Dr Geoffrey Copland, the former vice-chancellor of Westminster University who headed the pay negotiating body with university unions for four years, warned that the current pension situation “can’t be sustainable”.

Asked what would happen if it was not tackled, he replied: “Universities will be unable to afford the payroll and won’t be able to operate.

“I don’t think it will come to that - we’ll find other ways round it but it is a really stark situation we face.”

Dr Copland, who addressing a seminar organised by the Learning Skills Foundation sponsored by The Independent, warned: “I think this is one of the big issues the sector has to face.”

He said staff were in a variety of private schemes but that the cost of an individual’s pension was now “in the upper teens”. Many support staff were in private schemes “some of which are going to collapse”.

Dr Copland warned that redundancies amongst university staff were also likely to increase,

“We have to seek redundancies one way or the other(to make ends meet),” he added.
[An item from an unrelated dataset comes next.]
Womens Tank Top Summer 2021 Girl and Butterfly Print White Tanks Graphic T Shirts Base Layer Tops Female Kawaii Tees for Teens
“That will not get any easier. In fact, it may get worse.” One way forward, he argued was to take on”high calibre specialists” from the world of business and the arts to deliver lectures to students – without incurring the extra costs of taking them on as full-time staff.

“This is opposed as casualisation by the unions but I would encourage it as bringing in terrific expertise to meet the particular needs of particular groups of students,” he said.

Meanwhile, Professor Malcolm Gillies, former vice-chancellor of City University, London, warned the current participation rate in the UK in higher education –particularly amongst males – was “unacceptable”.

“Only 30 per cent of white males expect to go to British universities this year,.” he said. This would leave the country unable to compete with other Western nations in the Organisation for Economic Co-operation and Development.

He conceded that government funding for higher education could in future be reduced so that it was used to “remedy market failure” and subsidise students in courses which were necessary for the future of the country but undersubscribed.

“If there is no shortage of students and they’re prepared to pay, why would you put any government money into that at all?” he said.

He added that universities should be encouraged to send their lecturers into schools to help foster an interest in higher education amongst those youngsters less likely to have had experience of it in their lives.

In addition, the schools should encourage the youngsters to visit their local universities.

Professor Gillies, who has advised the Government on school/university links in London, said it was one of the most successful methods of promoting participation.

A spokesman for the UCU, which represents university lecturers, said it was in negotiation with the employers over the future of the scheme.

“There is an agreement between UCU and the employers not to make any public statements on this issue at the current time, even if we seem to be the subject of inaccurate, unhelpful and unfair criticism,” he added.